--- Records supplied Enclosed Below ---
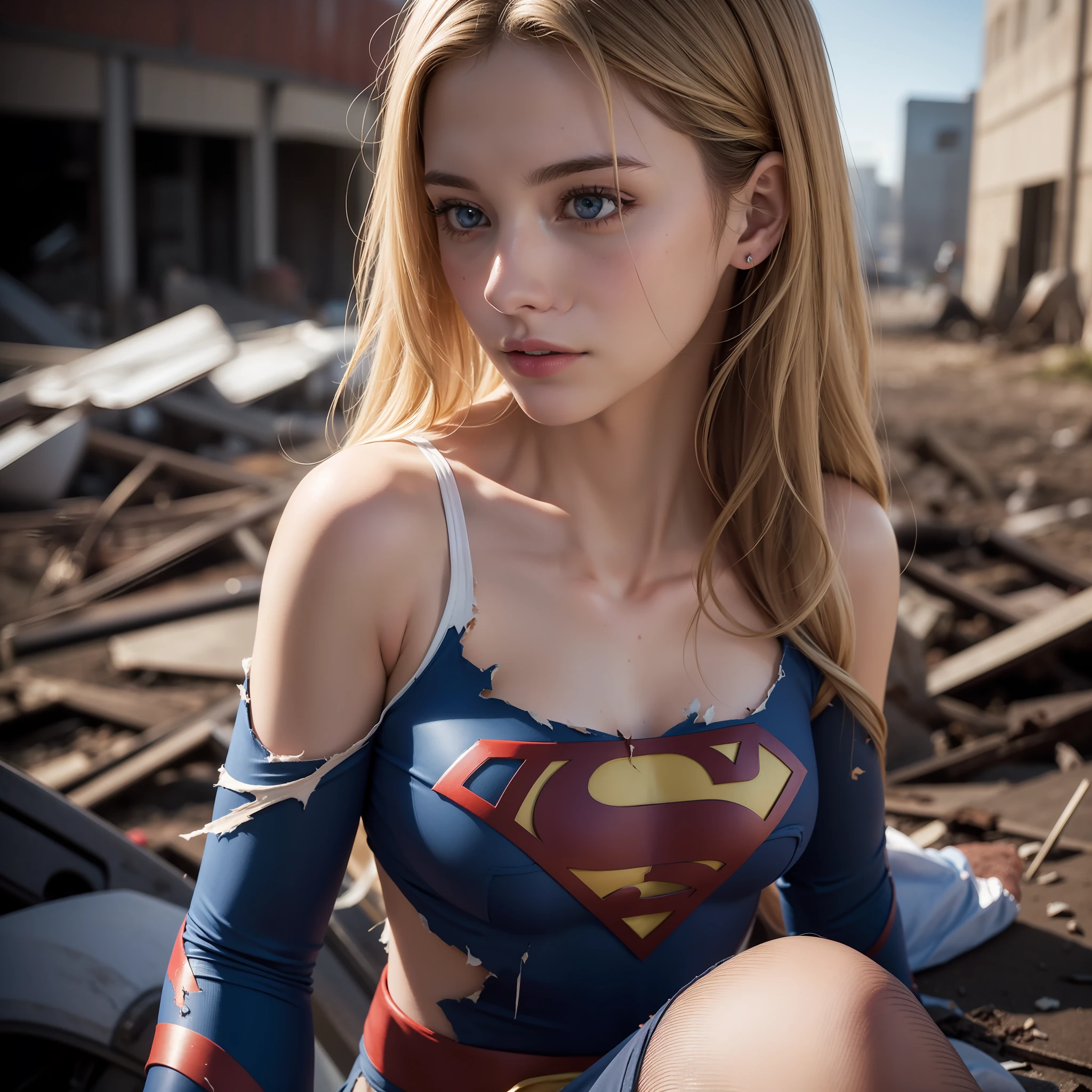 Melissa Benoist, 8k, best quality, real image, intricate details, ultra-detailed, ultra highres, depth field, (photorealistic, realistic: 1.2), masterpiece, photo of 1girl, supergirl, wounded, superhero, lying, back, realistic, super suit torn, (dirty, bruised, blood: 1.3), blue eyes, blonde hair, lips, long hair, solo, (revealing torn clothes, torn clothes: 1.3), ruined city background, best quality,  realistic, photorealistic, (intricate details: 1.2), (delicate detailed), (cinematic light), clear line, sharp focus, realistic face, detailed face and beautiful blue eyes,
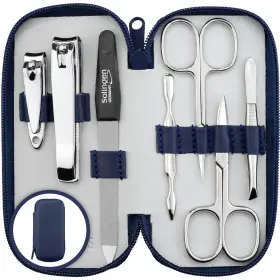 Man7-1803-blue Marqus Manicure Set Solingen Made In Germany - 7 Piece Exclusive Finger And Toe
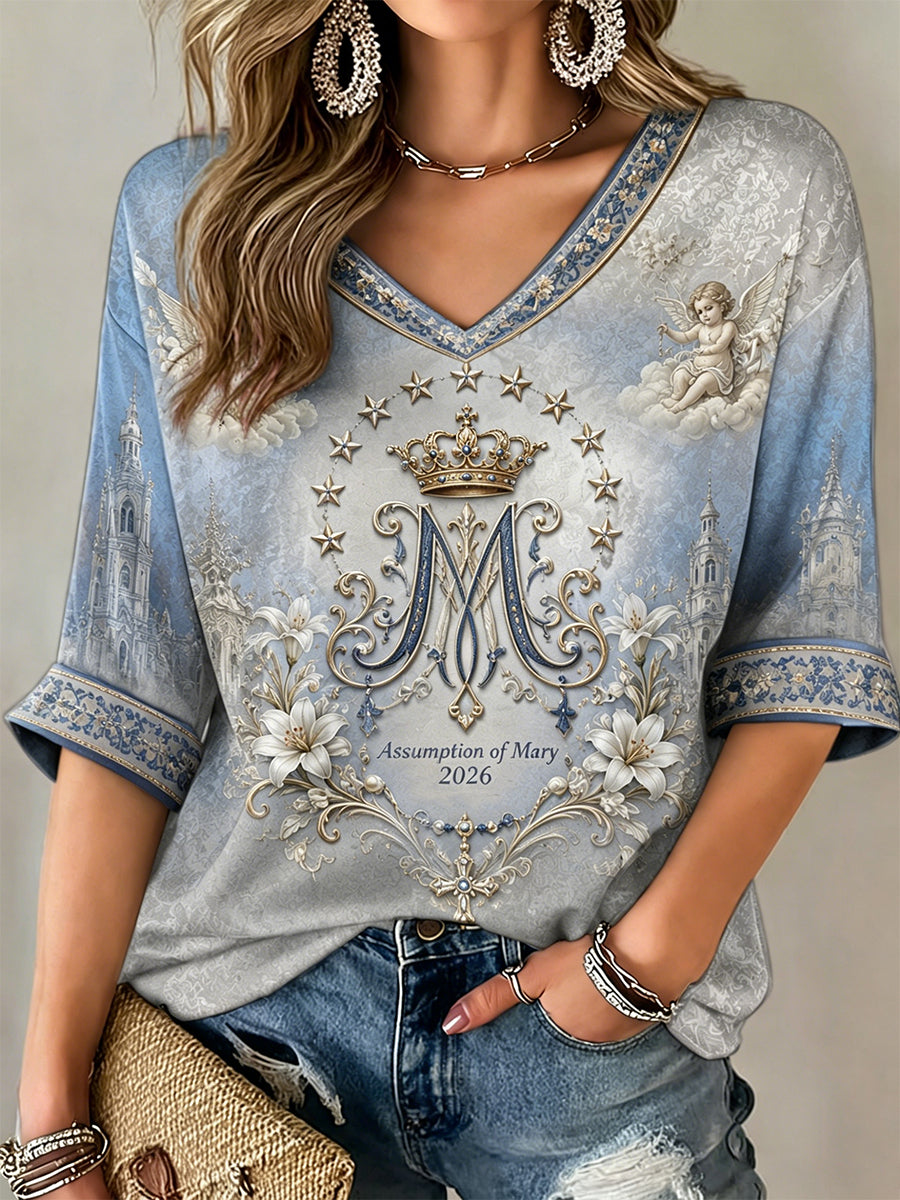 Women's Assumption of Mary Mid-length Sleeves V-Neck T-Shirt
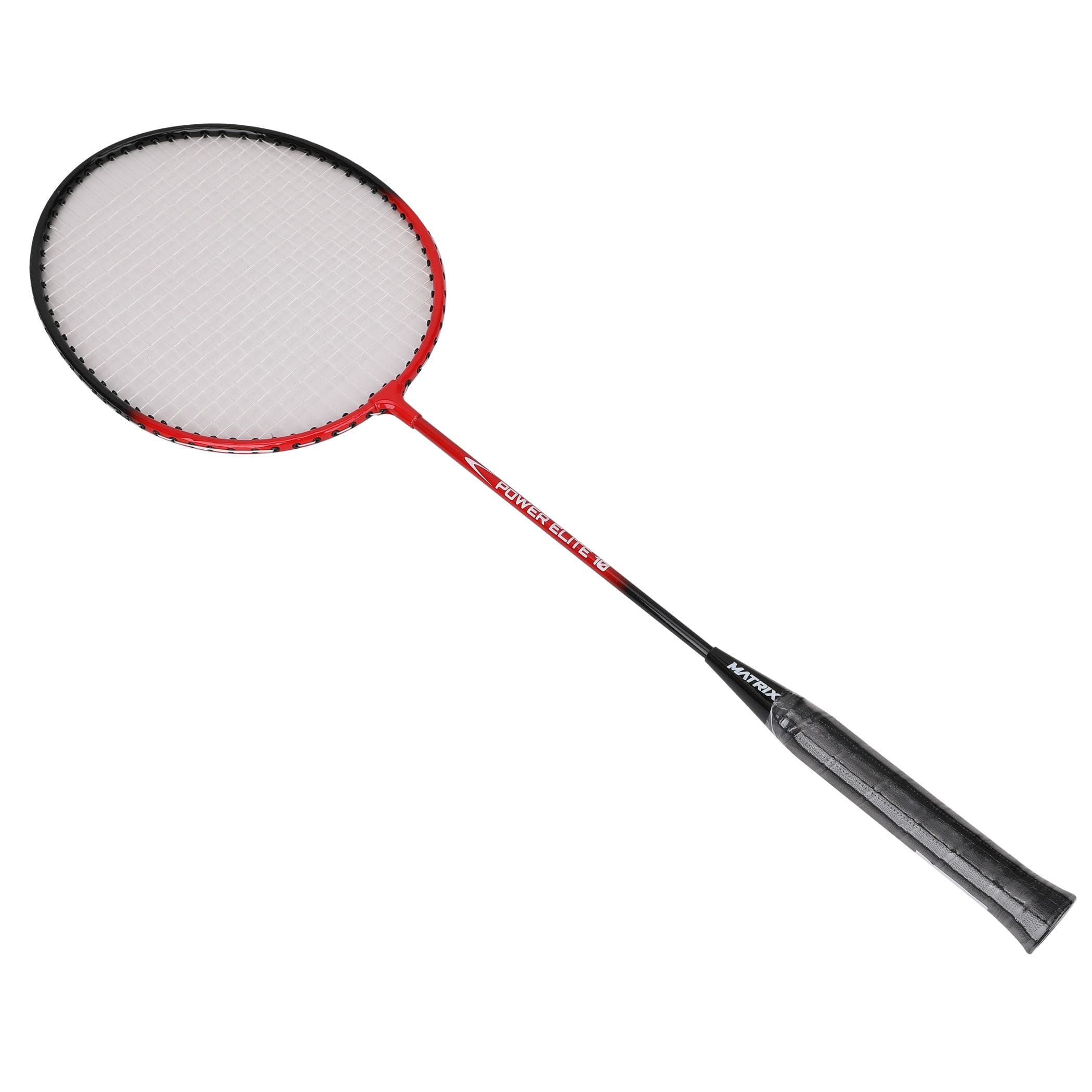 Matrix Power Elite 10 Lightweight Steel Badminton Racquet, Red/Black, 26-in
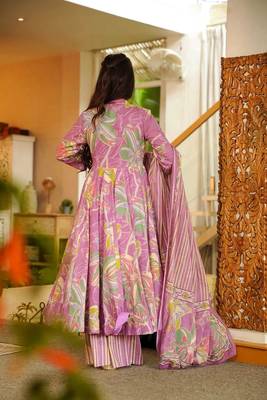Multicolor floral printed anarkali suit for women 2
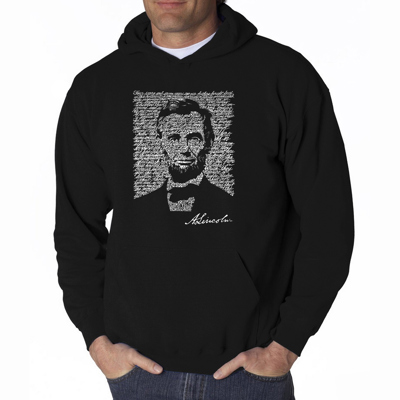 Abraham Lincoln - Gettysburg Address - Mens Word Art Hooded Sweatshirt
--- End of Enclosed Records supplied ---
What to work on:
Please retype the whole listing above word for word and drop the pictures.

Problem solution:
 Melissa Benoist, 8k, best quality, real image, intricate details, ultra-detailed, ultra highres, depth field, (photorealistic, realistic: 1.2), masterpiece, photo of 1girl, supergirl, wounded, superhero, lying, back, realistic, super suit torn, (dirty, bruised, blood: 1.3), blue eyes, blonde hair, lips, long hair, solo, (revealing torn clothes, torn clothes: 1.3), ruined city background, best quality,  realistic, photorealistic, (intricate details: 1.2), (delicate detailed), (cinematic light), clear line, sharp focus, realistic face, detailed face and beautiful blue eyes,
 Man7-1803-blue Marqus Manicure Set Solingen Made In Germany - 7 Piece Exclusive Finger And Toe
 Women's Assumption of Mary Mid-length Sleeves V-Neck T-Shirt
 Matrix Power Elite 10 Lightweight Steel Badminton Racquet, Red/Black, 26-in
Multicolor floral printed anarkali suit for women 2
 Abraham Lincoln - Gettysburg Address - Mens Word Art Hooded Sweatshirt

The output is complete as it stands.